We know that in Mourinho he can get it right and if he’s taken on board the mistakes he’s made and got the team focused on progressing from our current quagmire to a functioning competitive team, he can definitely win our respect.
2019 has been eventful. That’s a bit of an understatement isn’t it? Just take the last 2 days. I can’t have envisaged writing this as late as the eve of the announcement. Mauricio Pochettino has been relieved of his duties and been replaced by Jose Mourinho, a coup delivered with almost surgical efficiency.
Managers don’t last in the modern game. Three years in the hot seat in this league is the equivalent of ten in the nineties. Pochettino, came, saw, convinced the doubters and then sadly met his demise. At his peak he was one of the top managers in the domestic game. He delivered a team that defied expectation with a low net spend and I defy the thickest skinned Spurs fan to say he did not touch your soul. He changed our perspective of what this club could be and delivered the Champions League competition to us like no other manager in our history.
There is no doubt he has created a legacy and he helped raise the club’s profile. When I think of Poch it will be the final game at the Lane when he embodied the pride he had in the club and his squad. More recently the Ajax game will live in the memories forever. That game wasn’t just memorable for us but to the football world too. An iconic moment. Those joyous scenes after the final whistle, he was in tears, he was us, you can’t unmake those type of memories.
Whatever happens for the rest of the season or after, there is no doubt when you mention Pochettino to a Spurs fan, there will always be a fondness and a pride at some of the moments he helped to deliver.
The writing was on the wall, domestically we’ve not performed and this was not a passing fad. The sad reality is, with benefit of hindsight, the Champions League run last season had somewhat papered over the cracks.
This is not all on the manager. Form on key players has dropped and our squad just feels unbalanced and lacking purpose tactically. We have lost our ability to press effectively and in fairness we’ve even arguably been lucky at some of the draws we’ve sneaked this season and I don’t mean just City away. I’m referencing Watford and Sheffield United at home. No areas of our game have been right and Poch has, at times, surprised us with tactics and substitutions more so than ever. You never tend to question this when you win but when you lose, that’s different kettle of fish.
Very oddly, the fans have not turned against Pochettino. He’s had sympathy and even the worst fan poll I saw was around 25% of fans wanting Poch out. I should say the majority of those were not standing with banners or making calls to Talksport. He’d earned enough goodwill to have time to make things right.

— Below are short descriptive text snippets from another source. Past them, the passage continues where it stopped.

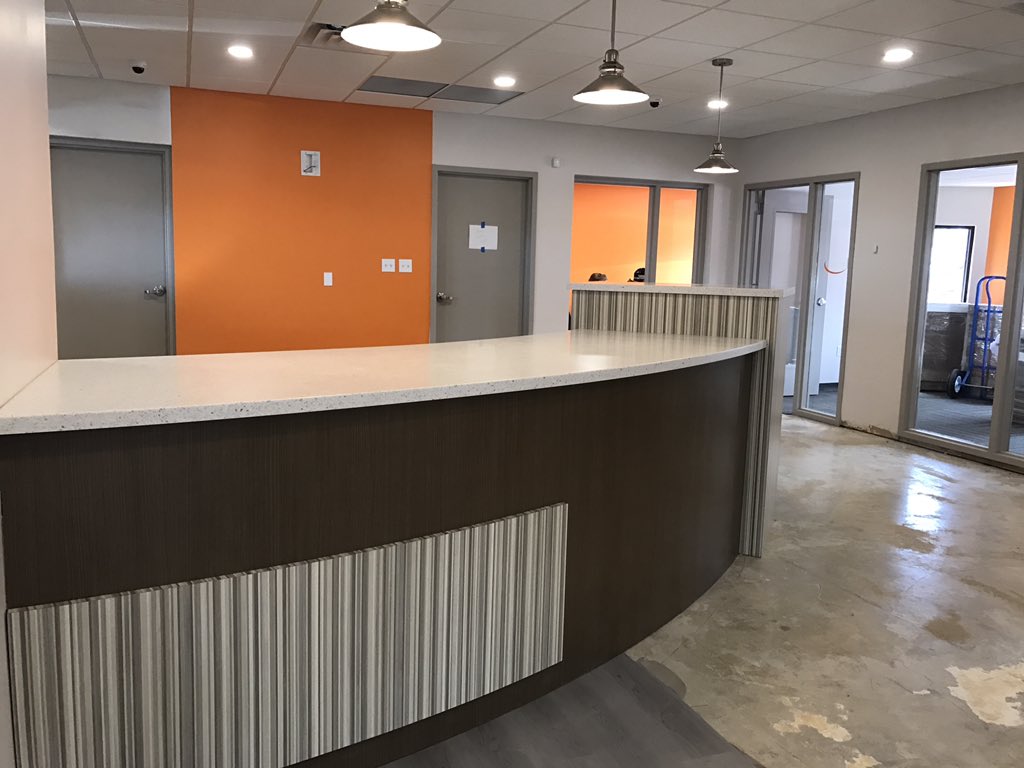 Our Wheeling location is thriving this week! New teller table, lighting, floors and more progress all over.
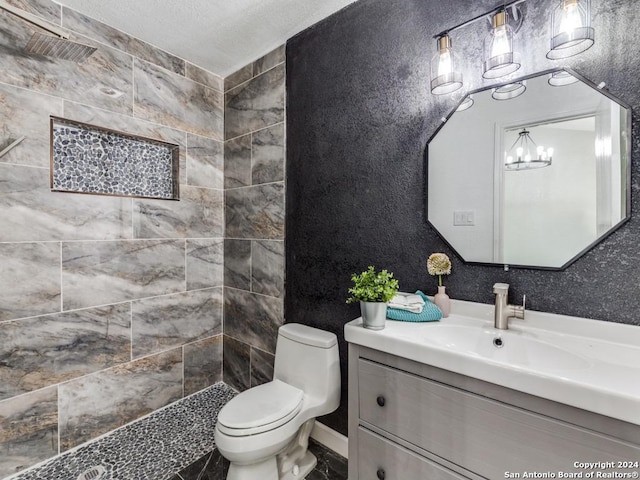 bathroom featuring a tile shower, a chandelier, a textured ceiling, toilet, and vanity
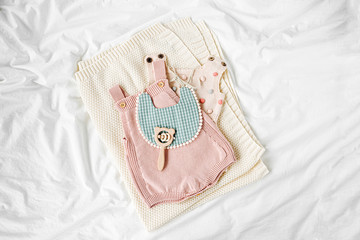 Pink bodysuit and  bib on knitted blanket. Set of  kids clothes and accessories  on bed. Fashion...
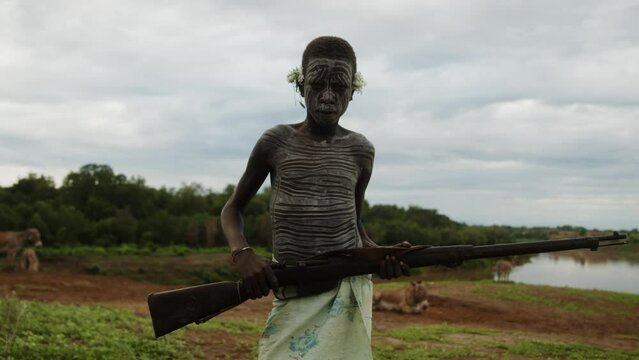 A Kid with Face Paint from Karo Tribe with a flower on his ear holding a rifle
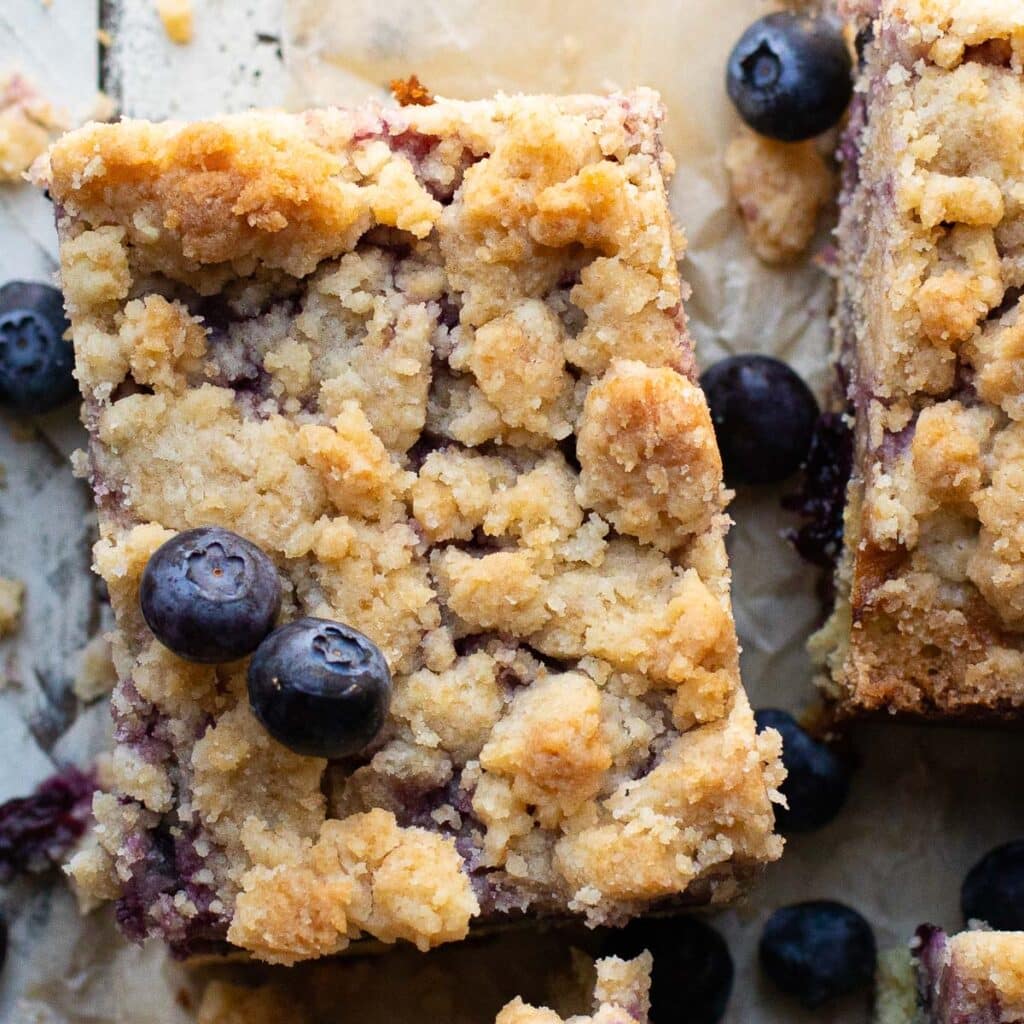 The top of a square piece of blueberry crumb cake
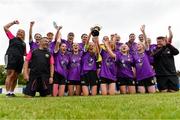 30 June 2024; Wexford players and management team celebrate with the cup after the FAI Women's Under 19 Inter-League Cup final match between Wexford Women’s Schoolgirls Soccer League and Galway District League at Jackman Park in Limerick. Photo by Tom Beary/Sportsfile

The pragmatist in me says his time was up on the week of the Bayern game in early October. We’d taken an absolute beating and our reaction was to collapse at Brighton. There was the horrific moment in the first few moments where Hugo let in a terrible goal and was injured, a freak horror early in the game. That is always going to affect a team but our reaction to being a goal down was to display a complete lack of fight. Losing and poor performances happen, the measure of the team and the manager in charge is how they react. In retrospect I think in those moments the die was cast.
If I take my feelings to one side, I can understand Levy’s decision. Maybe it was time for Poch to go. He leaves with his legacy intact and the club have the outside chance of having something to show for this season and to rebuild so that, at the very least, the 2020 season will see a more competitive and able version of Tottenham Hotspur.
What I am not sure of is Jose Mourinho. He seems more naturally matched with a club with far greater resources than ours. He manages the billionaires who are happy to buy the players that others can’t afford.
He is also in need of restoring his reputation. His recent tenure at Old Trafford had not been a happy one (in his final season) and his reputation for being aloof and petulant when the chips are down is a concern that I still worry about. He has, in fairness, got his PR right in his first press conference. Even praising Pochettino, which, earnest or not, is the savvy thing to do. He needs to convince us that we’re going to get a stable manager with a vision that fits with the club.
We know that in Mourinho he can get it right and if he’s taken on board the mistakes he’s made and got the team focused on progressing from our current quagmire to a functioning competitive team, he can definitely win our respect. Though whether he can endear himself to the levels of love that our Argentinian Special One did is something that only time will tell.
I won’t forget those moments that Pochettino gave us for which I’ll be forever grateful, it was quite a ride. The fact is Mourinho is at the helm now and regardless of his history I wish him every success in getting Spurs back on track, we need redemption and so does he.